Be True to your Purpose
Without purpose, a brand does not have life. This goes for personal brands, as well as corporate brands. A purpose is not simply a mission statement, crafted by copywriters. A purpose is the core of why you are here, of why you are producing, and why you are in business. Being true to your purpose as a personal brand, or business brand, means that you do not stray from the core ideals that define your brand's reasons for existing. If you exist to provide a particular level of service or care to a particular niché, why would you lower that level after having set the standard? If your purpose is simple, and you simply provide a few basic things to the world, why would you try to do something outside of your nature? This does not mean non-innovation, this does not mean you cannot change your purpose, or change your goals. But if you know your brand's purpose, stay true to that, through all stages of development. That is how truly great brands change the world.
A great brand is recognizable. You, a viewer, may have never read an author's books, or never tasted a company's coffee, or never driven a particular brand of vehicle. But you know their logos, you know their look and feel. You can recognize Starbucks, Apple, Toyota, Amazon, from many feet away - without ever having purchased on Amazon, used an Apple, driven a Toyota, or drank a single Latte.

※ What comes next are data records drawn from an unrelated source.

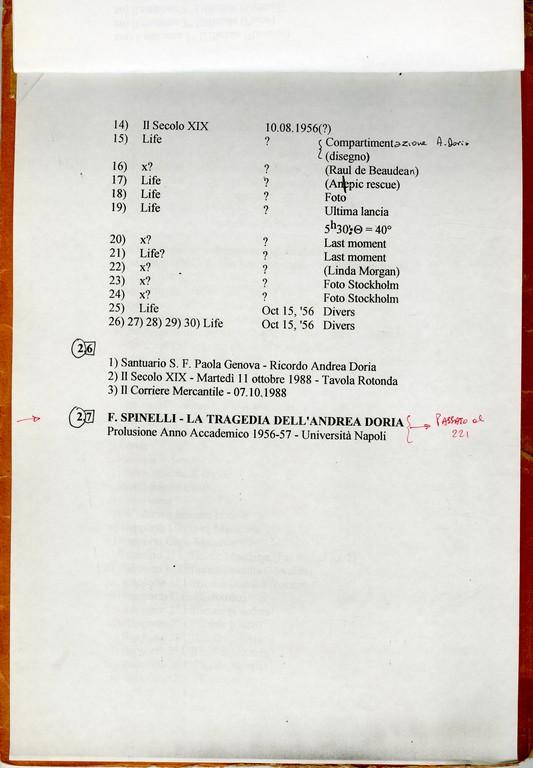 Indice dei documenti - terza parte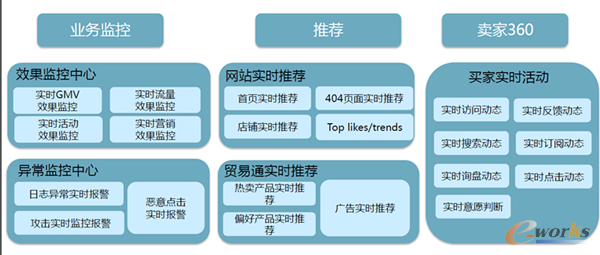 口口农场下载最新版本,实时数据分析_DIY版23.973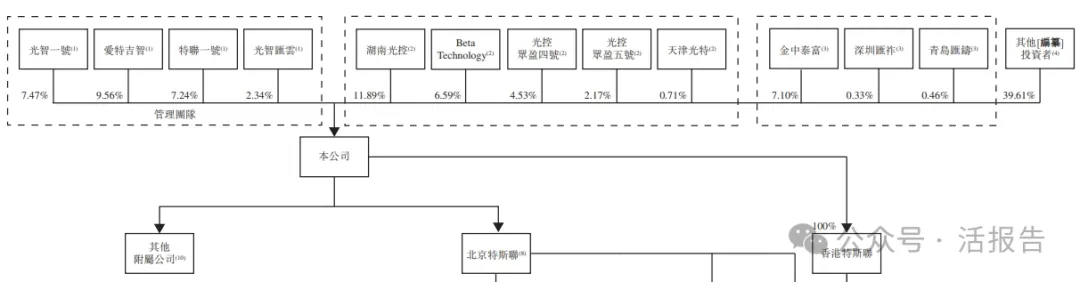 公域AIoT獨角獸「特斯聯」衝刺香港IPO,上市前估值超200億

Therefore, your brand must achieve recognizability in order to establish itself in the public consciousness. Your logo and appearance should be dynamic enough to withstand the test of time.
If purpose is at the core of every brand, culture is the heart of every great brand. Without culture, there is no community, there is no brand. Some brands have very narrowly, or limitedly, defined cultures. A brand with a culture that is broad can appeal to many demographics. The Beatles are a brand that have withstood the test of time, because their culture is so unique, diverse, and eclectic. Similarly, Starbucks has achieved a very particular culture, that gravitates people to its stores. Nonetheless, people outside of the scope of that culture will frequent their locations and drink their coffee.
The "Culture" of a brand cannot be forced, or contrived. When you produce the look and feel of your brand, with recognizability, with a shared purpose, the culture evolves naturally. Building your culture means constantly sharing, and constantly getting people excited about your brand. Historically, purpose is one of the strongest ways to spread a culture. But all of the points mentioned here are the basis of building a brand's culture, and therefore its ability to scale in the public consciousness.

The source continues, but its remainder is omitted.